§ **Task to carry out**
Retype exactly the span of lines below from the one with "La cancha del" through the one with "加入蕃茄拌炒至蕃茄出水，油會". Do not include pictures.

§ **Supplied entries**
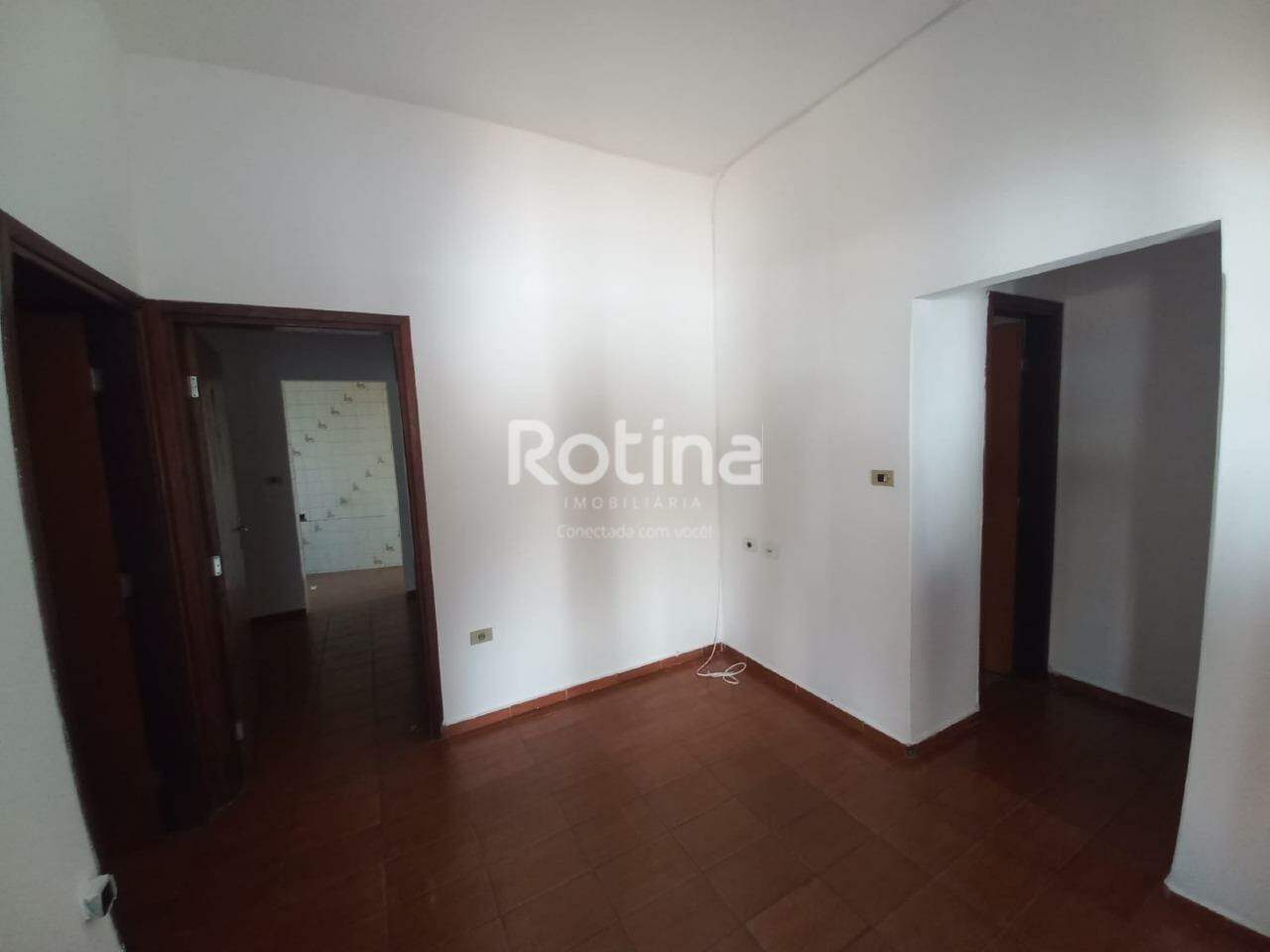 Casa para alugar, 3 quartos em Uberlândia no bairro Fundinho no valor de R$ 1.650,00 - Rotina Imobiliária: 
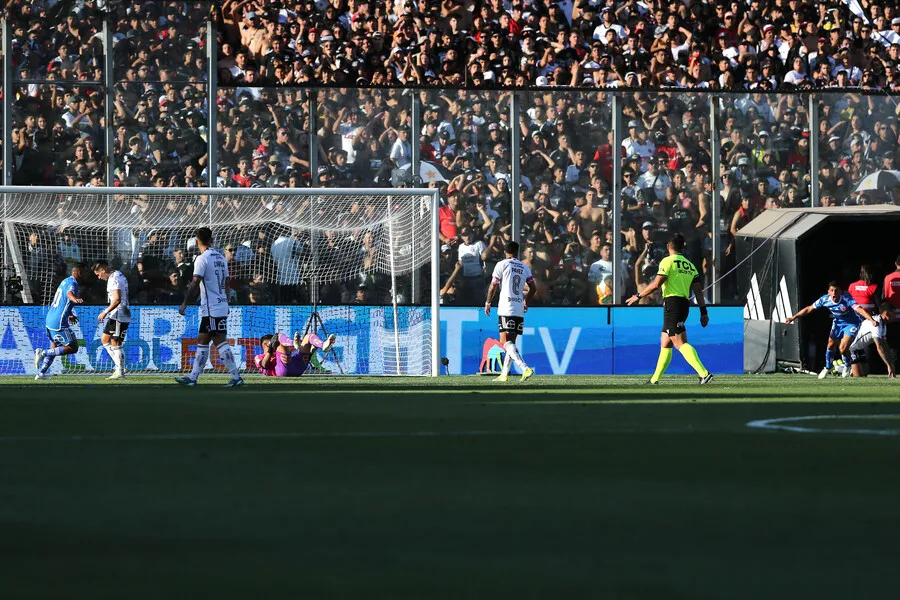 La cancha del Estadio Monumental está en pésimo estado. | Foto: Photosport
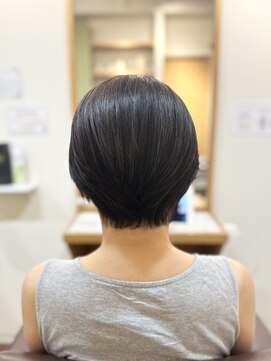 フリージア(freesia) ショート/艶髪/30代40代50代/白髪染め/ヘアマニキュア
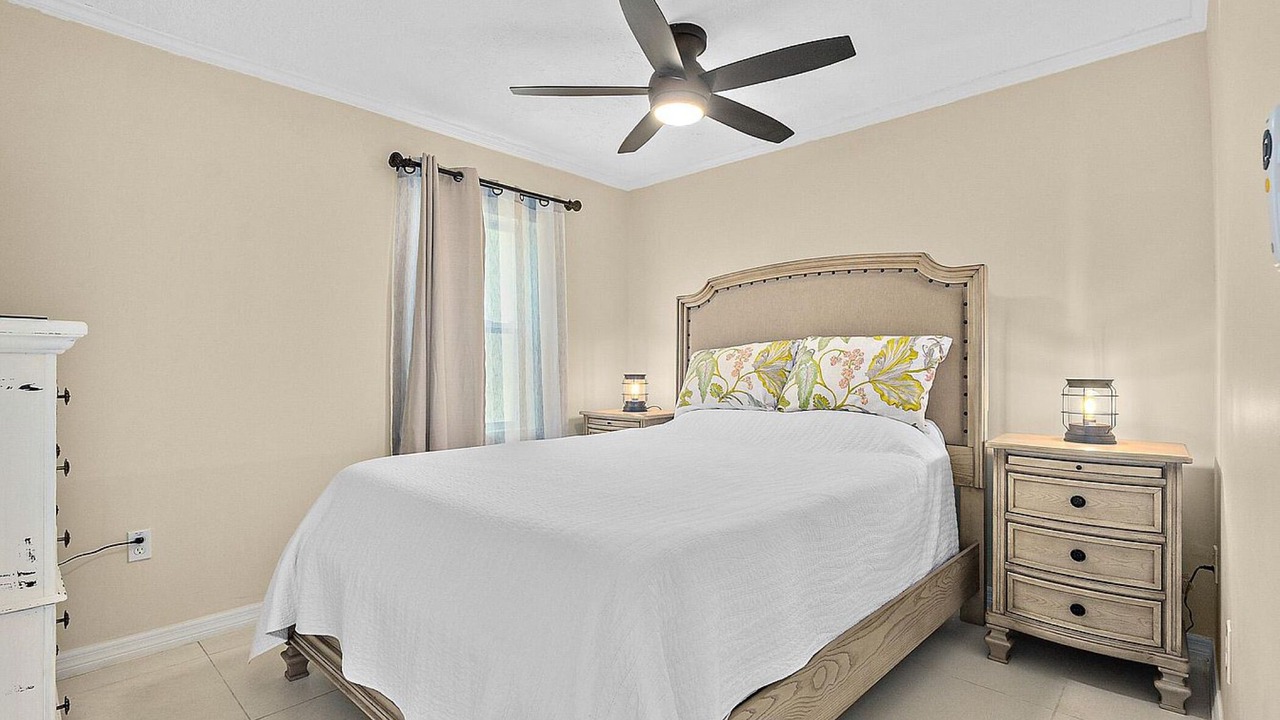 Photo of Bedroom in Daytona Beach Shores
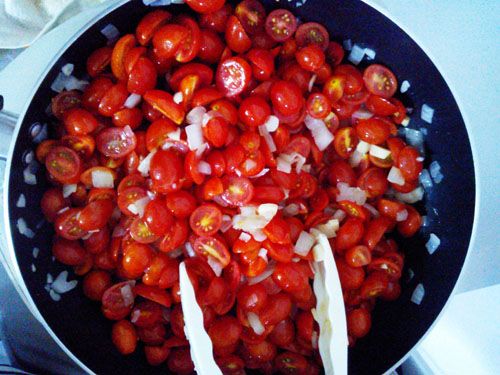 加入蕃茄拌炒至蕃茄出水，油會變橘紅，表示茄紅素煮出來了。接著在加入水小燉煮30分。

...

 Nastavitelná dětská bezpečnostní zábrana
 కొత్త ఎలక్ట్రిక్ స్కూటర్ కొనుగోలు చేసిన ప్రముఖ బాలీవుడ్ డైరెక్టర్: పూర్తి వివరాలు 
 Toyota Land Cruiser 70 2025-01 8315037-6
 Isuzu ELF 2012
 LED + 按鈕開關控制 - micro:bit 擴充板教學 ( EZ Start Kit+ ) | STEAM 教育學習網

§ **Solved problem**
 La cancha del Estadio Monumental está en pésimo estado. | Foto: Photosport
 フリージア(freesia) ショート/艶髪/30代40代50代/白髪染め/ヘアマニキュア
 Photo of Bedroom in Daytona Beach Shores
 加入蕃茄拌炒至蕃茄出水，油會變橘紅，表示茄紅素煮出來了。接著在加入水小燉煮30分。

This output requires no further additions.